DRESSED TO THE NINES—OR THE EIGHTIES
Webb states that Roan’s Tiny Desk Concert outfit was a modern take on an 80s prom dress. Both Roan and Webb are fans of Betsey Johnson, a designer who rose to popularity in the 60s through the 90s, and whose clothes are still sold today. In fact, the exact dress can still be found for sale on second-hand websites like Poshmark and eBay. The look itself incorporates popular trends from the 80s, such as bold colors and an overall attitude of “bigger is better!”. Roan’s look is complete with a large wig, drag-inspired makeup, and cigarettes in her hair.

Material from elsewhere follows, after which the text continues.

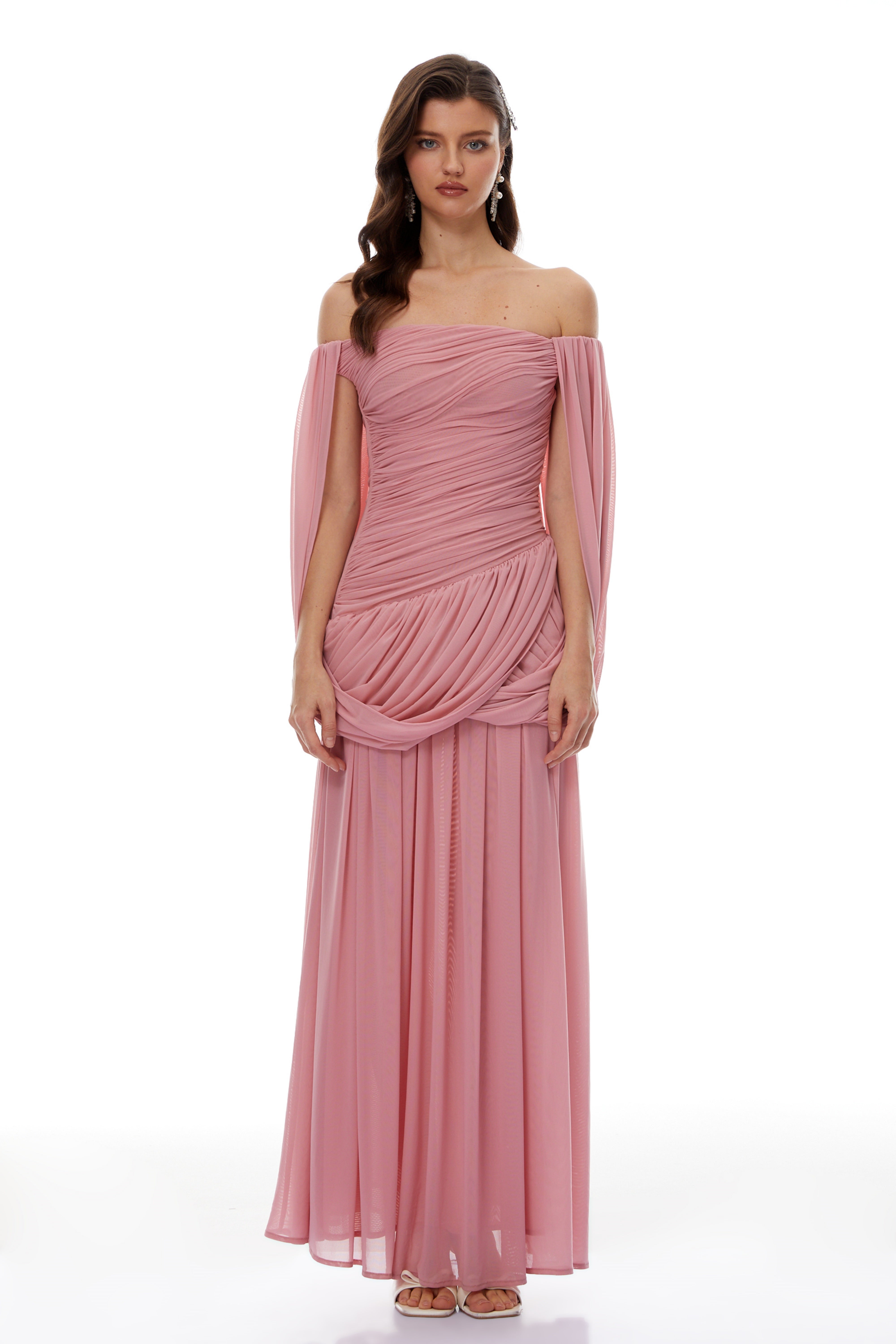 Suné Pink Cross Front Ruched Maxi Dress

80’s fashion itself also incorporates trends from the 40’s, which can be seen in this dress with its fitted, sleeveless bodice (something that was new to the 40’s and very different from the dresses of the 20’s and 30’s) and sweetheart neckline.
SWAN LAKE
While performing and being interviewed on The Tonight Show, Roan wore matching black and white swan outfits, a la Tchaikovsky’s Swan Lake ballet. Feathers, of course, have been used throughout history in jewelry to hats to decoration on dresses, but these two outfits are reminiscent of 1920s theater costumes and late 90’s to early 2000s haute couture.
Roan’s “black swan” outfit incorporated some trends we see being popularized in the 20s, such as a handkerchief (ruffled or draped) hemline and a slim, boyish silhouette for the dress.
The white swan look pulls from more traditional ballet silhouettes with its tutu and sweetheart neckline. The headpiece is reminiscent of the same one worn on the cover of “Good Luck, Babe!”.
A few pieces from 90’s runway fashion in the same stylistic vein as the two swan outfits.
In conclusion, Roan’s outfits are inspired from many different time periods and historical fashion trends such as medieval hennin and 18th century robe à la française gowns. By blending both modern and historical fashion, Roan and Webb have created a recognizable and unique style for Roan that has already proven itself to be well-known and influential in pop culture.